Used Negesbanda Scalp and edge treatment on my scalp/edges then braided with the rosemary castor pomade into two cornrows.


----------



## IDareT'sHair (Apr 10, 2022)

Curls Blueberry & Mint Scalp Tea and XCel 21 Spritz


----------



## HealthyHair2020 (Apr 10, 2022)

Did some light remoisturizing with my mini twists. 
As I Am JBCO Water
Adwoa Beauty Baomint Leave-In
Adwoa Beauty Baomint Oil

Also put some Kreyole Essence HBCO on my edges and nape.


----------



## Aggie (Apr 10, 2022)

+Moisturized with Care Free Curl Gold and SSI Baobab Curl Enhancer Shake this afternoon. Hair feels so good right now. I won't be doing anything else to it until maybe Friday after church.


----------



## Napp (Apr 10, 2022)

I washed my hair 3 times one one day. 

First combo was Joico KPAK Liquid Reconstructor + Image Intrakera Leave in +Jenoris Hair Sculpting Glaze.
Left me with beautiful curls but lots of flakes

Second Combo was Jenoris Hair Sculpting Glaze + Salon Line Babosa Gel
Left me a gooey sticky mess

Third Combo was It's a 10 Plus Keratin Leave in +  It's a 10 Coily Gelled Oil
This last one may be a winner Currently under the dryer. I'm wash and go-ed out


----------



## HealthyHair2020 (Apr 11, 2022)

Napp said:


> I washed my hair 3 times one one day.
> 
> First combo was Joico KPAK Liquid Reconstructor + Image Intrakera Leave in +Jenoris Hair Sculpting Glaze.
> Left me with beautiful curls but lots of flakes
> ...


How you have the energy for all of this IDK.


----------



## Napp (Apr 11, 2022)

HealthyHair2020 said:


> How you have the energy for all of this IDK.

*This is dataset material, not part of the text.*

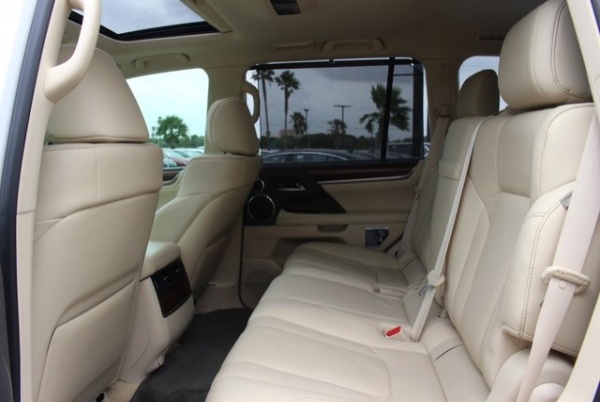 Selling on this Advert is my used GCC 2016 LEXUS LX570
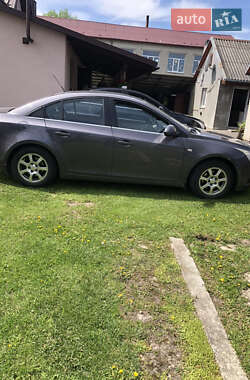 Седан Chevrolet Cruze 2010 в Львові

I was determined not to go to bed without my hair acting right lol  I also had alot of free time


----------



## Bette Davis Eyes (Apr 11, 2022)

QB AOHC , a spritz of SSI spray and a dab of QB Castor and Amla pomade.  Braided up.


----------



## Bette Davis Eyes (Apr 13, 2022)

Last night, Used Negesbanda Scalp and edge treatment on my scalp/edges.


----------



## IDareT'sHair (Apr 15, 2022)

@Aggie
You make me wanna pull out my CFG!

Okay, so I'll use
XCel21 (Spritz)
CFG
Curls Blueberry & Mint


----------



## naturalyogini (Apr 15, 2022)

Shampooed withC&P Ayurvedic shampoo
Conditioned with Jlexillc DE dc
Jlexillc Silica leave-in
Twisted with Bask & Bloom Moisture cream
Sealed with Jlexillc Kartar oil


----------



## Aggie (Apr 15, 2022)

IDareT'sHair said:


> @Aggie
> You make me wanna pull out my CFG!
> 
> Okay, so I'll use
> ...


@IDareT'sHair 

I have one bottle that I will finish off before moving on to my Curl Max. I have a few bottles of the Curl Max that I will use with my SSI leave-ins in a combination. These two together makes my hair feels so good.


----------



## IDareT'sHair (Apr 16, 2022)

@Aggie
I pulled it out and it is Curl Max and not CFG   It works the same (I guess).


----------



## Napp (Apr 19, 2022)

I mixed:
Alikay Naturals Dulce Hydrating Curl Lotion
Beyond the Zone Noodle Head Curl Cream
Beyond the Zone Noodle Head Curl Mousse
Salon Line Ativador De Cachos Arginina E Colageno

This was a bad Idea. it took forever to dry at the roots and it flaked something serious. Will not be layering that much product again!


----------



## IDareT'sHair (Apr 20, 2022)

XCel 21 Spritz and Curls Blueberry & Mint Scalp Tea


----------



## HealthyHair2020 (Apr 21, 2022)

Put some Adwoa Beauty Baomint Oil on my ends and Kreyol Essence HBCO Rosemary Mint around all of my edges.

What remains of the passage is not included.